Kirk nodded. He wanted to sit down next to Spock or for Spock to stand up. This inequity in their physical positions suddenly bothered him. He didn’t want to tower over Spock, he wanted to be on equal footing with him, together in openly declared passion, devotion, commitment. He thought they were all there: in his first officer’s eyes, the cant of his head, and the tremor of his heart so seldom seen. The uncertain judgment that Spock shared it all with him already, that they were equal in their obsession with each other, had finally encouraged Kirk to make his brave declaration of love.

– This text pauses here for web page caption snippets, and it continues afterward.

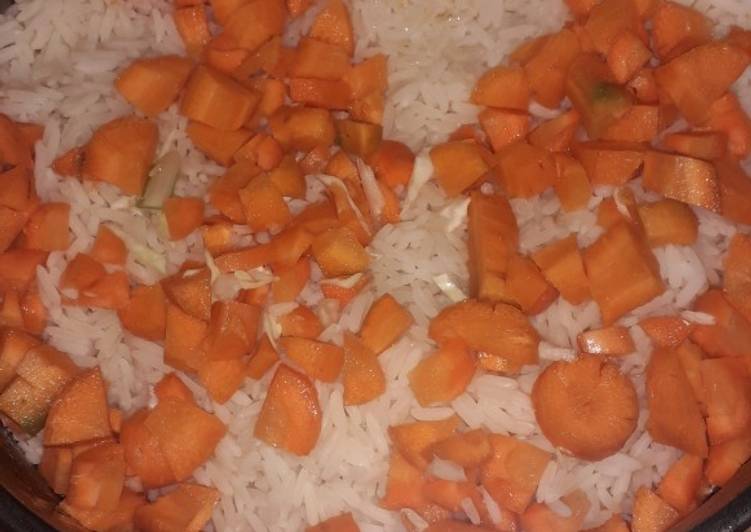 White rice sprinkled with carrot,Chicken stew and veggies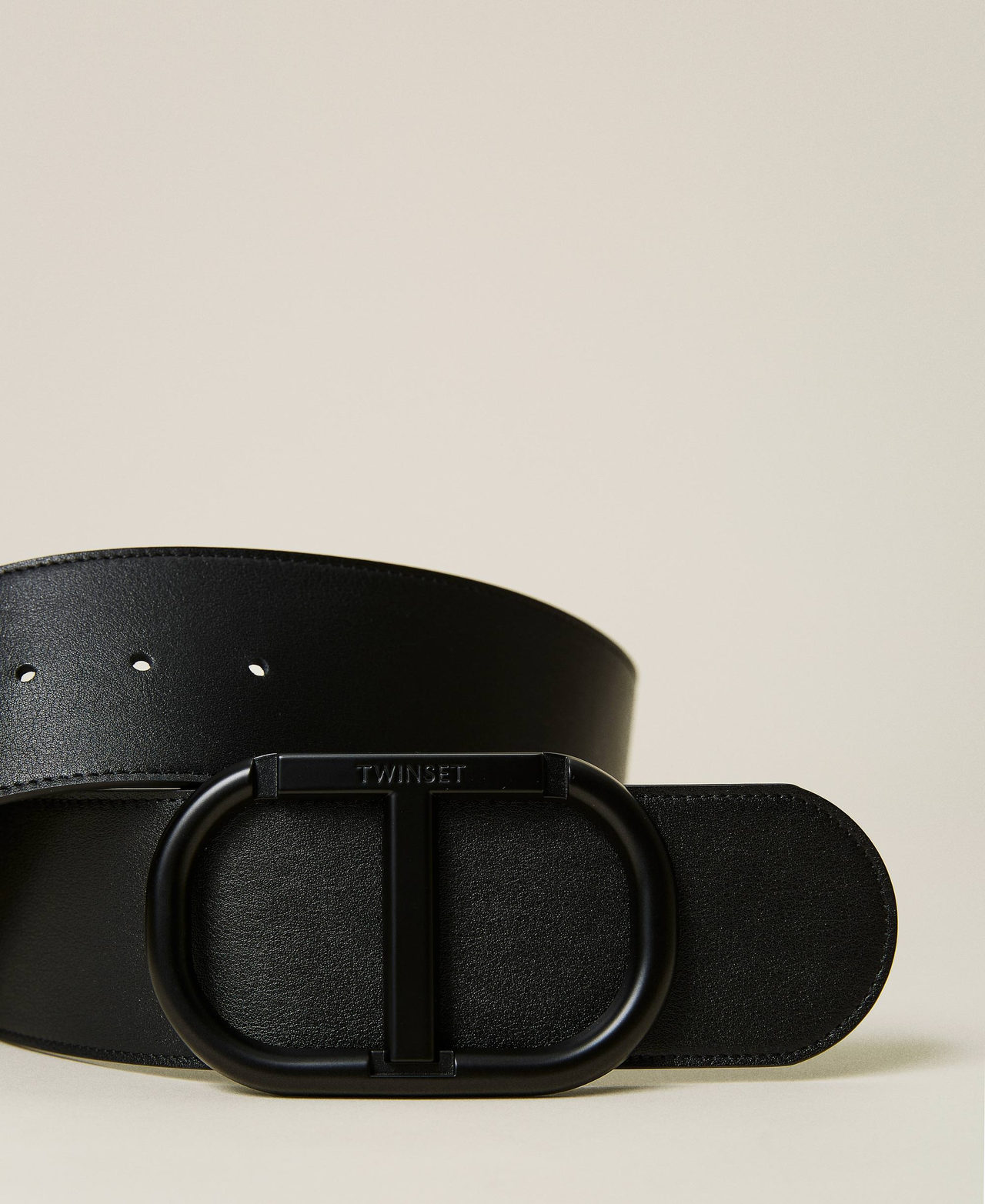 Leather belt with logo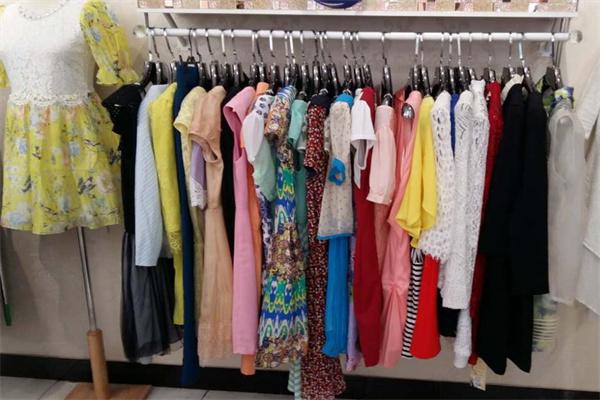 伊香飘影女装折扣店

Carefully he walked over to the upholstered chair that was set at a right angle to the couch. Too conscious that his pulse pounded heavily in his ear, he sat down on the edge of the seat with his hands on his knees. Maybe Spock could hear it, here in this quiet room that sheltered just the two of them. “Humans and Vulcans don’t generally get along like we do. Your parents being a notable exception.”

“Correct. Our friendship has been a source of interest to others as well.”

“I know. Like I said, we do everything together. There isn’t anybody else I’d rather spend time with than you, my logical Vulcan friend, and sometimes other people are surprised at that. So they talk.”

“Such as the time we rearranged our accommodations during the briefing at Starbase Eleven. That created some comment, I believe.”

Kirk snorted. “You staying with that prig Dudley? And me with that Casanova Massenhoeven? I’d rather bunk with you any day.”

“And I with you, although Lieutenant Commander Dudley was not intolerable. But I could not enjoy the time I might have spent discussing computer modifications on the Lexington with him as I could time with you.”

“What did we talk about those three days?” Kirk asked rhetorically. “Nothing. Everything. I sure didn’t have anything to say to you about computers.”

“We discussed the briefing, Admiral Komack’s shortcomings--”

“You discovered that computer parts store on the east side of the base the first day, it had that component you’d been looking for forever.”

“And the next evening you regrettably discovered the mountaineering facility with the simulated rock face, which you spent some small time conquering.”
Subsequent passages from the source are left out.